Non a caso Renzi si è dato un paio di mesi di tempo per imprimere una svolta ad un governo che ha cambiato natura, con il passaggio di Silvio Berlusconi all’opposizione e anche con il profondo rinnovamento del Pd (in gran parte ancora da attuare). Che cosa accadrà in questo lasso di tempo è per ora difficile da dire: Giorgio Napolitano ha tuonato contro le «dannate» polemiche di stampo preelettorale quando il ritorno alle urne non è all’orizzonte. Ma è sembrato più un tentativo di congelare la prospettiva (la cui esistenza è implicitamente riconosciuta) che una certezza assoluta.

La rivolta di piazza dei “forconi” ha aggiunto un elemento di instabilità non preventivato. Beppe Grillo soffia sul fuoco e invita addirittura le forze dell’ordine ad abbandonare i politici e unirsi alla protesta: una scelta ai limiti dell’ eversione secondo tutti i partiti, ma comunque indicativa del fatto che le manifestazioni a macchia di leopardo rappresentano l’esplosione di una vera e propria questione sociale e non un semplice problema di ordine pubblico. È uno sfondo che accumula nubi sull’orizzonte dell’esecutivo.
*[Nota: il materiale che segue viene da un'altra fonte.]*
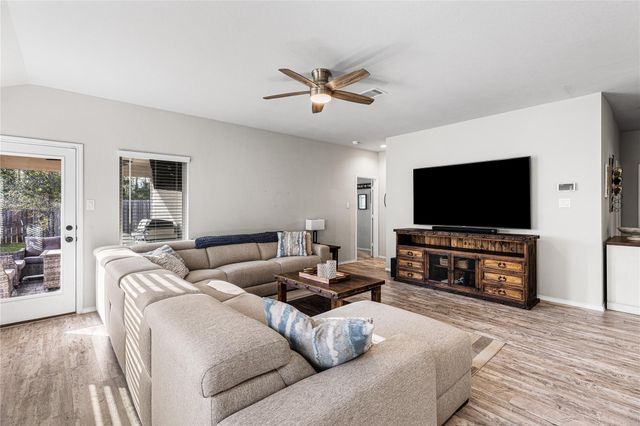 2286 Strong Horse Drive, Conroe, TX 77301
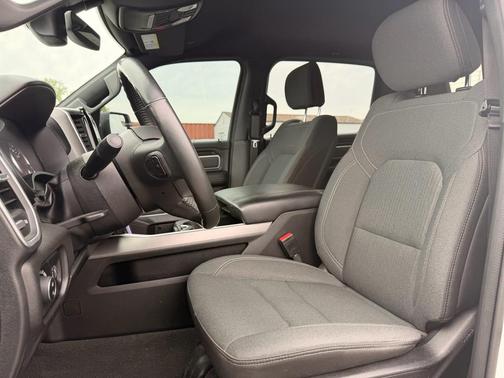 Bright White Clearcoat 2023 RAM 1500 Big Horn
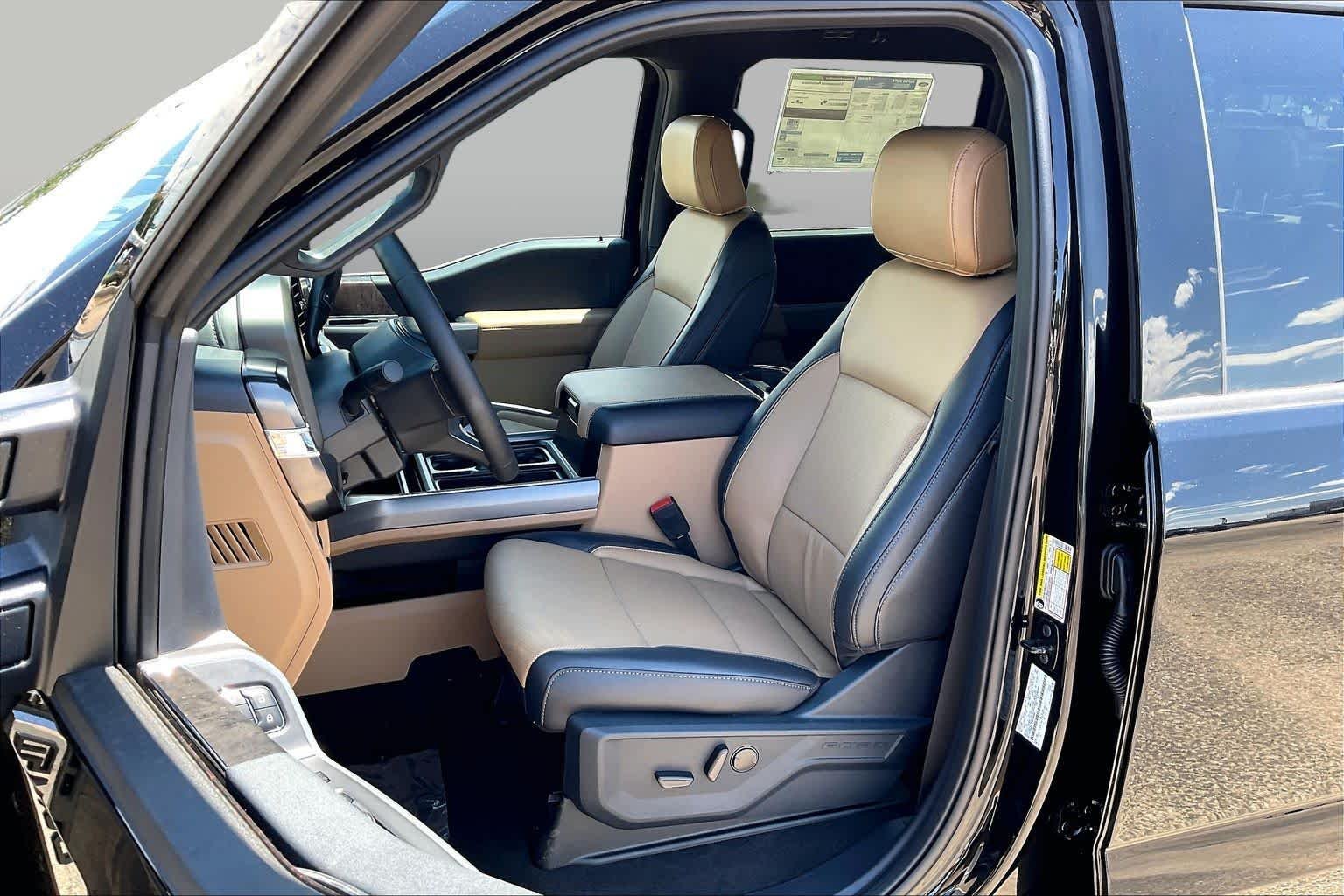 New 2026 Agate Black Metallic Ford F-250® Lariat® image 9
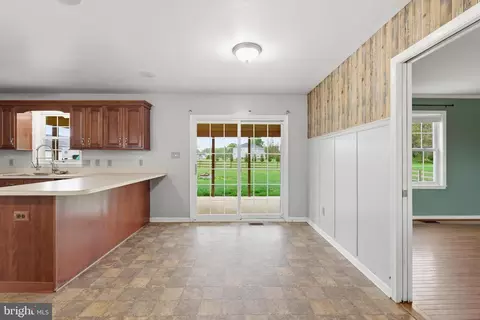 Entry Way - 11339 Gift Rd, Clear Spring, MD 21722 photo 4 of 7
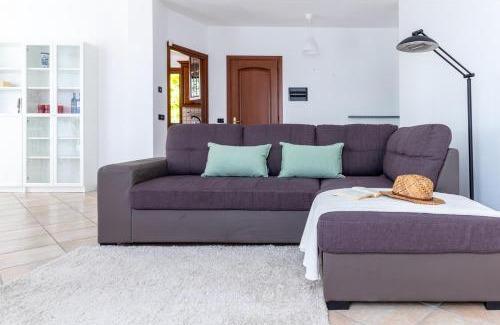 Angera Apartment | Profumodilago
Esecutivo di scopo, secondo il neosegretario del Pd che a Letta chiede di assumere iniziative concrete sul lavoro (stanziamenti eccezionali per la lotta alla disoccupazione) e sulle riforme con un definitivo taglio ai parlamentari e ai loro costi e con l’abolizione del Senato. Con un timing vincolante.

L’impressione è che Renzi non si voglia fare incastrare nella solita partita a scacchi: chiede risultati prima della fine di febbraio. Soprattutto sulla legge elettorale la cui approvazione è però nella mani del Parlamento e non del governo.

Questa è forse la questione più spinosa per il sindaco di Firenze. C’è infatti un braccio di ferro tra Camera e Senato su chi debba esaminare per primo la riforma, con una lotta che passa all’interno degli stessi gruppi. E soprattutto non c’è nessuna reale base d’intesa. Gli alfaniani appoggiano cautamente il modello “sindaco d’Italia” proposto da Renzi, anche per tenere aperto un canale di dialogo con la linea presidenzialista del Cavaliere, ma le molte bozze che girano in Parlamento la dicono lunga sul pericolo di una ennesima dilatazione dei tempi.

Ciò fa pensare che Renzi possa optare alla fine per una legge di salvaguardia come garanzia di non sprofondare nelle sabbie mobili e per tenere aperta la possibilità del ritorno al voto se le cose dovessero volgere al peggio. Per il neosegretario c’è anche la necessità di scongiurare la “s cissione silenziosa” evocata tempo fa da Massimo D’Alema. Al momento tutti giurano sull’unità del partito ma la decisione dell’ex premier di tenersi fuori dal Pd, coniugata al rifiuto di Gianni Cuperlo di assumere la presidenza dell’assemblea, è il segnale di un malessere profondo della vecchia guardia.